_Prompt_
Word for word, repeat the data that follows. Do not include the pictures.

_Study material_
· · · ·

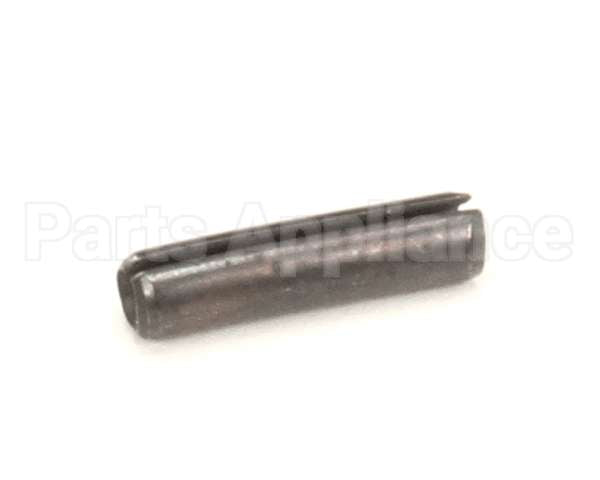 RP-003-01 Hobart Roll Pin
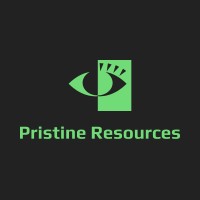 Pristine Resources - Recruitment Agency Profile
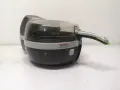 Фритюрник Tefal ActiFry 2in1 / 1400 W, снимка 2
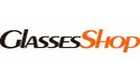 Glassesshop.com Discount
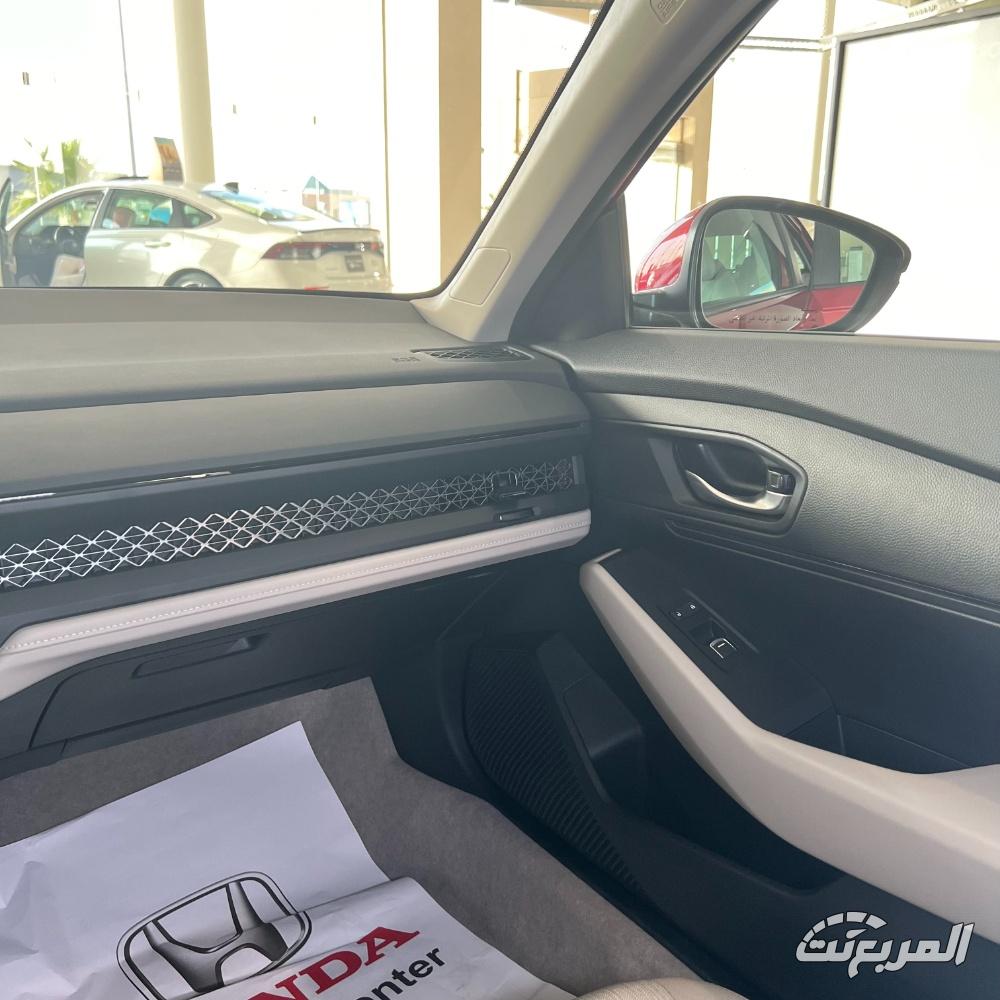 هوندا-اكورد-المربع-نت-80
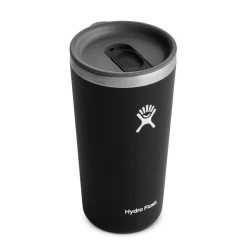 Hydro Flask 20 Oz. Tumbler (Fall 2022) -Hydro Flask Online t20cp black topangle rsz 47187.1645057440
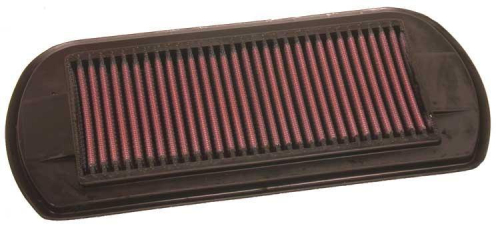 K&N Engineering - K&N Engineering High Flow Air Filter - TB-9095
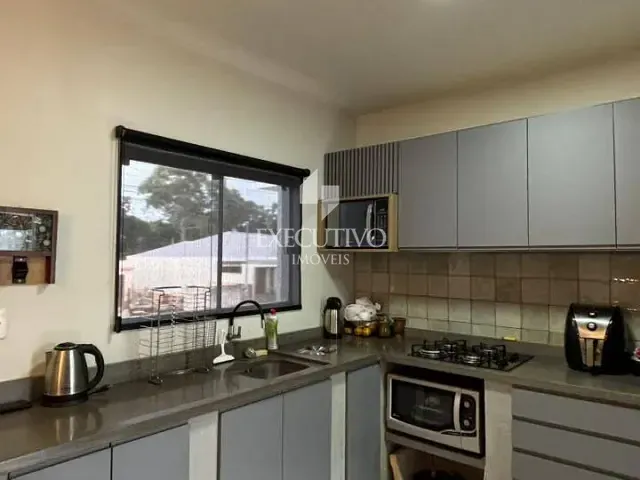 Casa 2 quartos e 1 banheiro, à venda, no bairro Barra do Forqueta em Arroio do Meio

· · · ·

_Output below_
 RP-003-01 Hobart Roll Pin
 Pristine Resources - Recruitment Agency Profile
 Фритюрник Tefal ActiFry 2in1 / 1400 W, снимка 2
 Glassesshop.com Discount
 هوندا-اكورد-المربع-نت-80
 Hydro Flask 20 Oz. Tumbler (Fall 2022) -Hydro Flask Online t20cp black topangle rsz 47187.1645057440
 K&N Engineering - K&N Engineering High Flow Air Filter - TB-9095
 Casa 2 quartos e 1 banheiro, à venda, no bairro Barra do Forqueta em Arroio do Meio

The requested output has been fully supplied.